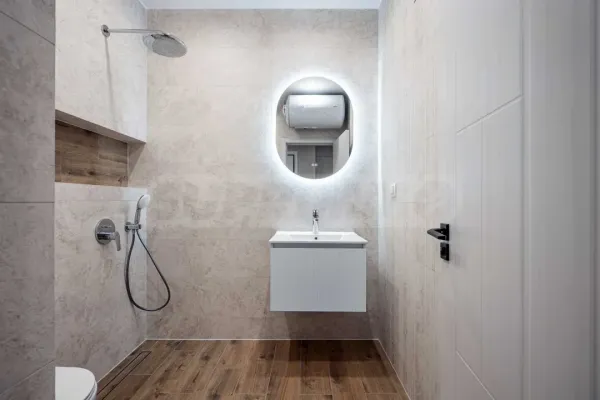 Luxury Plovdiv Apartment in Residential Park - Image 2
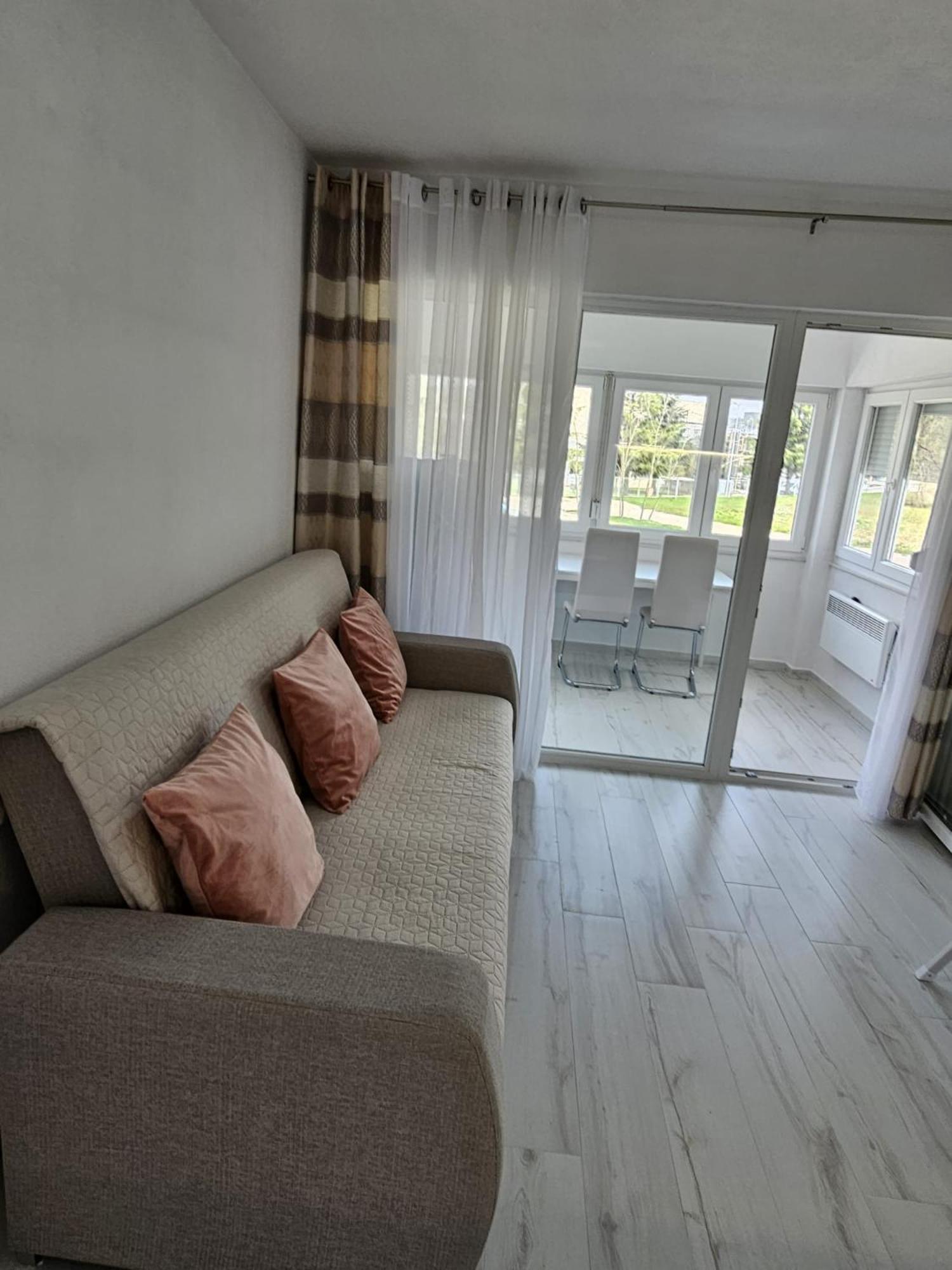 Apartments Somi Poreč Exteriör bild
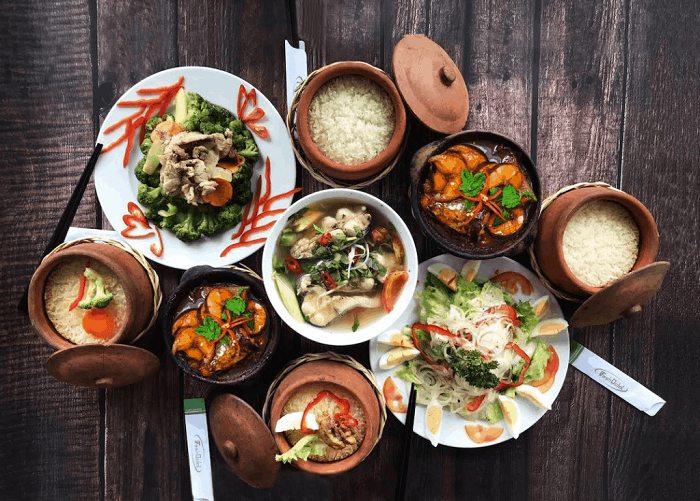 Delicious claypot rice restaurant in Con Dao - Hoa Giay restaurant
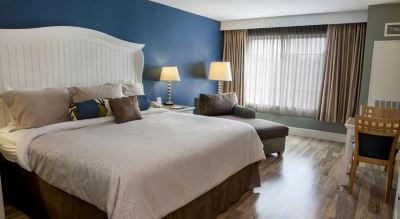 King Room with Village View Watkins Glen Harbor Hotel Photo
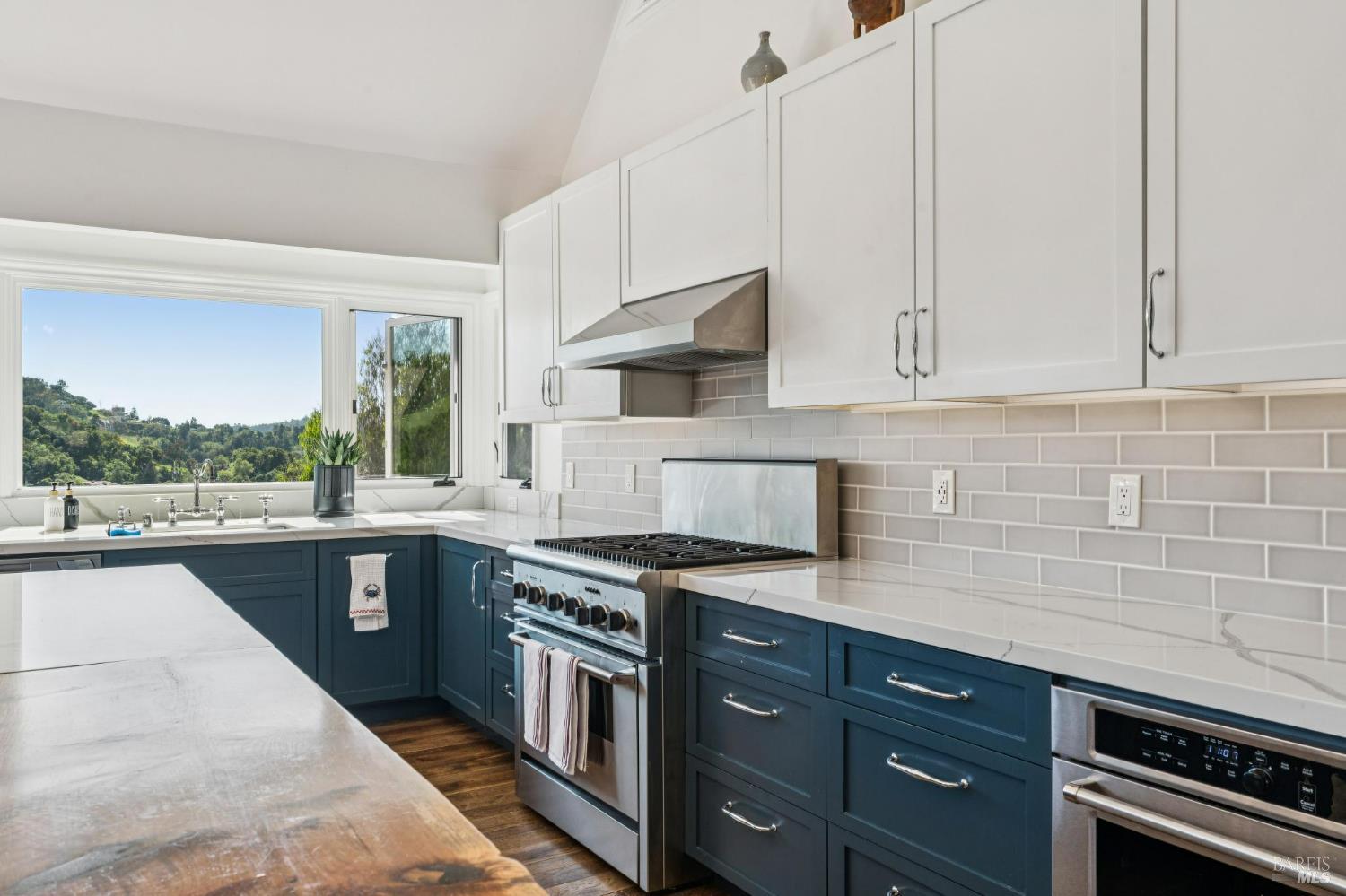 Detail Gallery Image 13 of 63 For 10 Elkhorn Way, San Anselmo,  CA 94960 - 4 Beds | 3 Baths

☆ ☆ ☆ ☆ ☆ ☆ ☆

Quote every record above exactly, omitting any pictures they contain.

== Task solution ==
 Luxury Plovdiv Apartment in Residential Park - Image 2
 Apartments Somi Poreč Exteriör bild
 Delicious claypot rice restaurant in Con Dao - Hoa Giay restaurant
 King Room with Village View Watkins Glen Harbor Hotel Photo
 Detail Gallery Image 13 of 63 For 10 Elkhorn Way, San Anselmo,  CA 94960 - 4 Beds | 3 Baths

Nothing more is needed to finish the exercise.